§ About this task:
Return the listing in full and exactly, but without a single picture.

[[ Data excerpt, beginning ]]

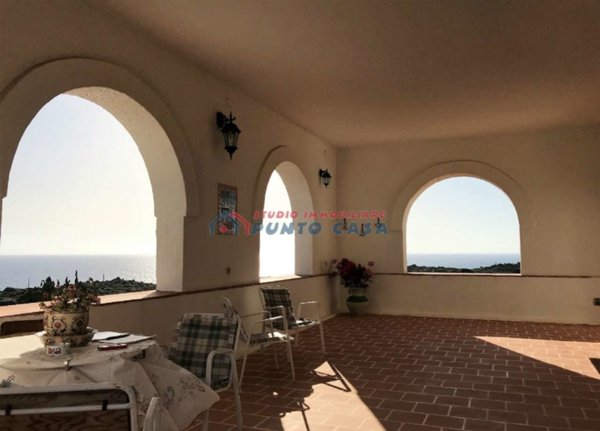 casa indipendente in vendita a Pantelleria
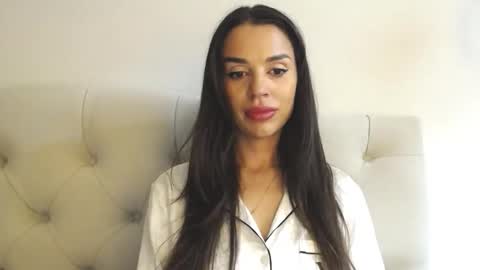 Snapshot of mika_gold7 chatting on 09/19/25, 08:53 Mika online show from 09/19/25, 08:53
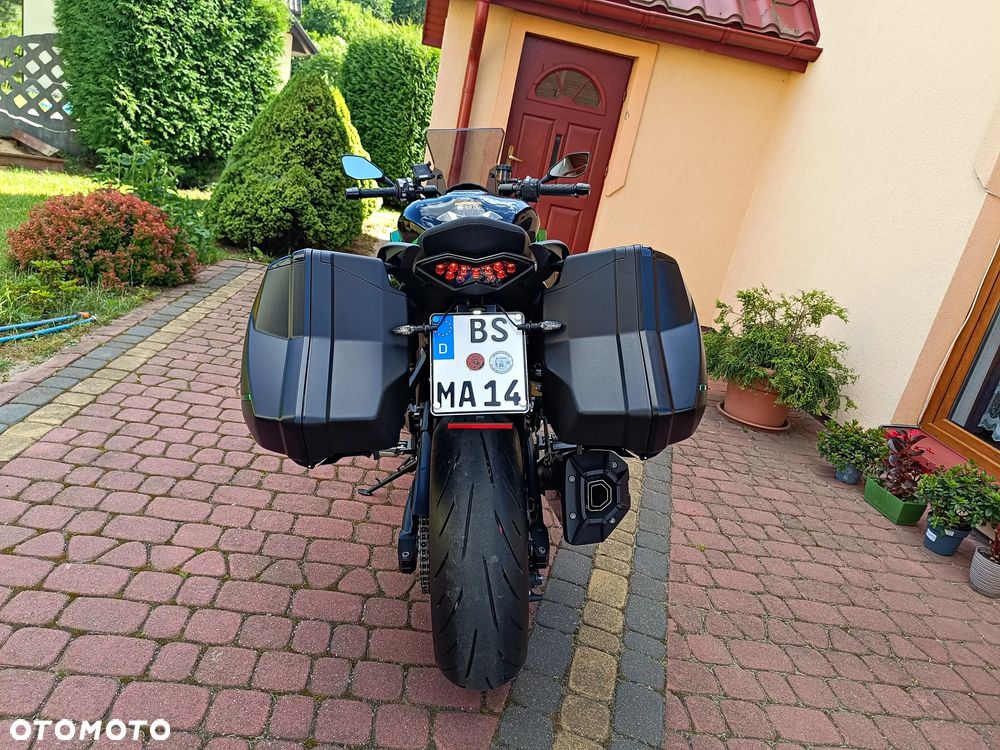 Kawasaki Ninja 1000 SX - 8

[[ Data excerpt, end ]]

§ Expected output:
 casa indipendente in vendita a Pantelleria
 Snapshot of mika_gold7 chatting on 09/19/25, 08:53 Mika online show from 09/19/25, 08:53
 Kawasaki Ninja 1000 SX - 8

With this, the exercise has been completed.